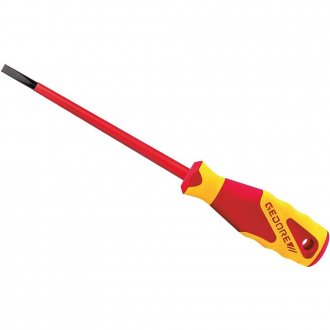 Chave de fenda 8 mm x 175 mm, com haste isolada, VDE 2170-8, 091.812 GEDORE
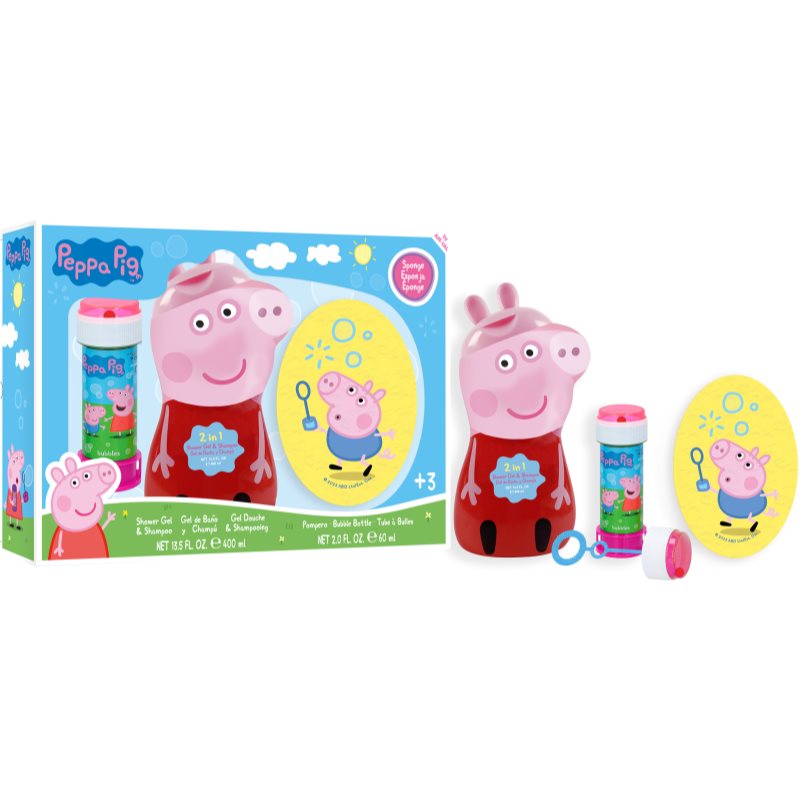 Peppa Pig Body and Hair zestaw upominkowy do kąpieli dla dzieci 3+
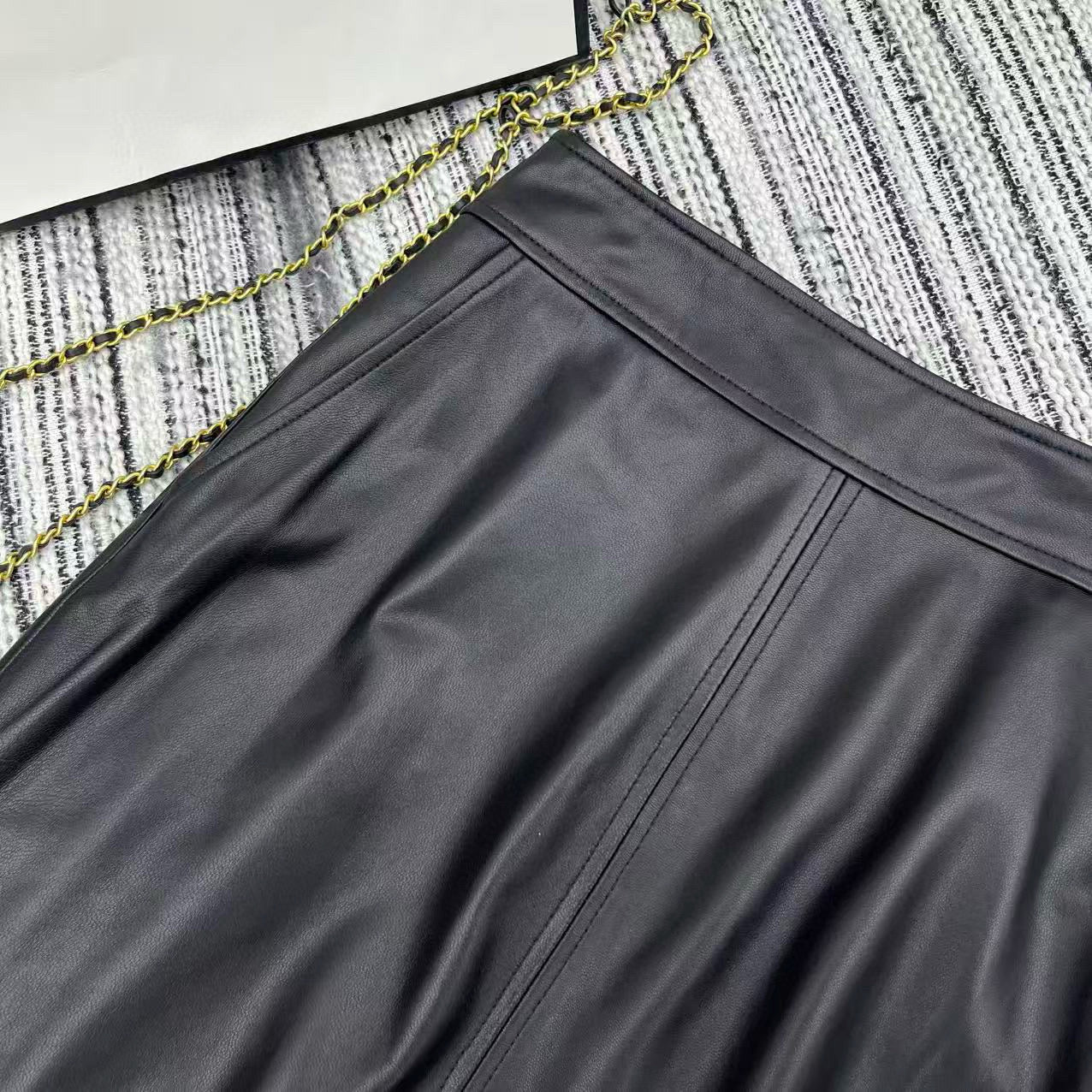 Chanel Leather Shorts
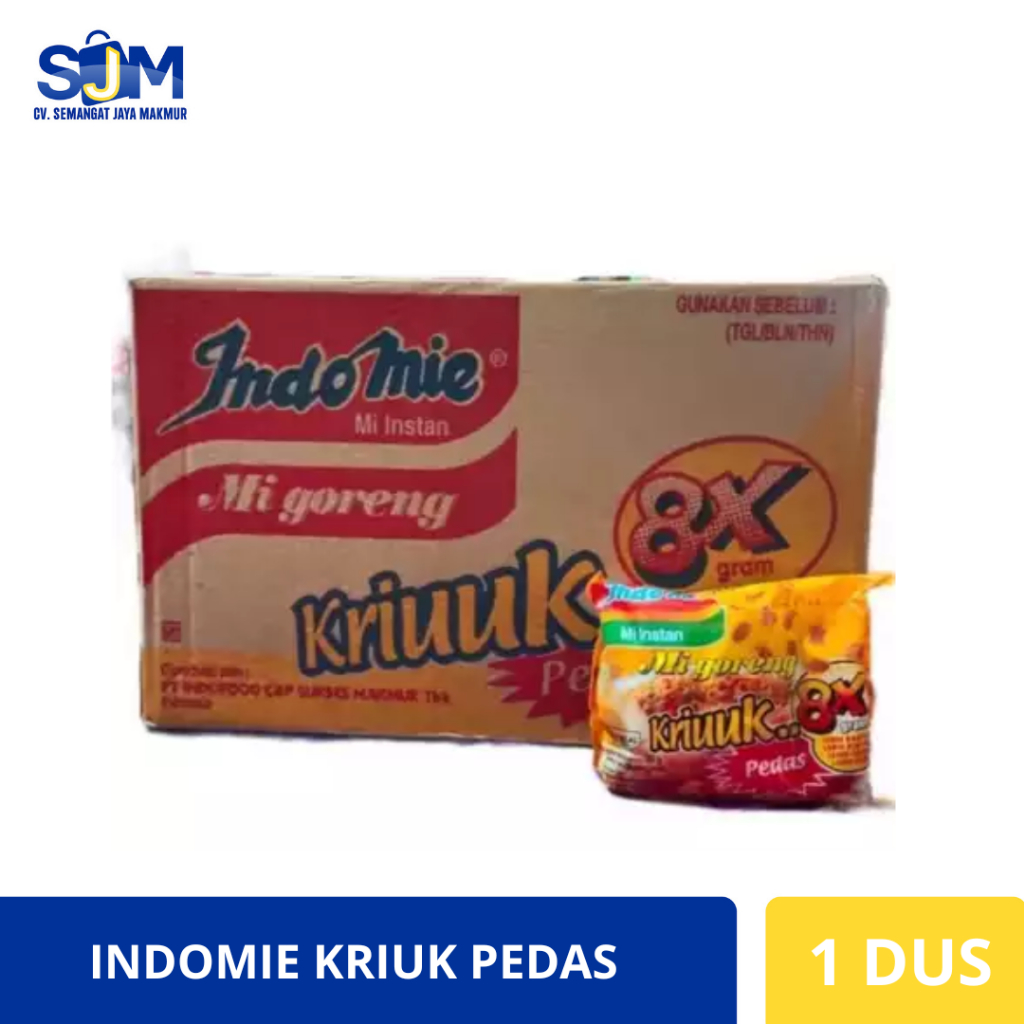 INDOMIE GORENG KRIUK PEDAS 1 DUS
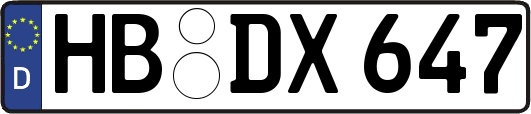 HB-DX647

● ● ● ● ● ● ●

With no pictures included, write out the entries exactly.

Result below:
 Chave de fenda 8 mm x 175 mm, com haste isolada, VDE 2170-8, 091.812 GEDORE
 Peppa Pig Body and Hair zestaw upominkowy do kąpieli dla dzieci 3+
 Chanel Leather Shorts
 INDOMIE GORENG KRIUK PEDAS 1 DUS
 HB-DX647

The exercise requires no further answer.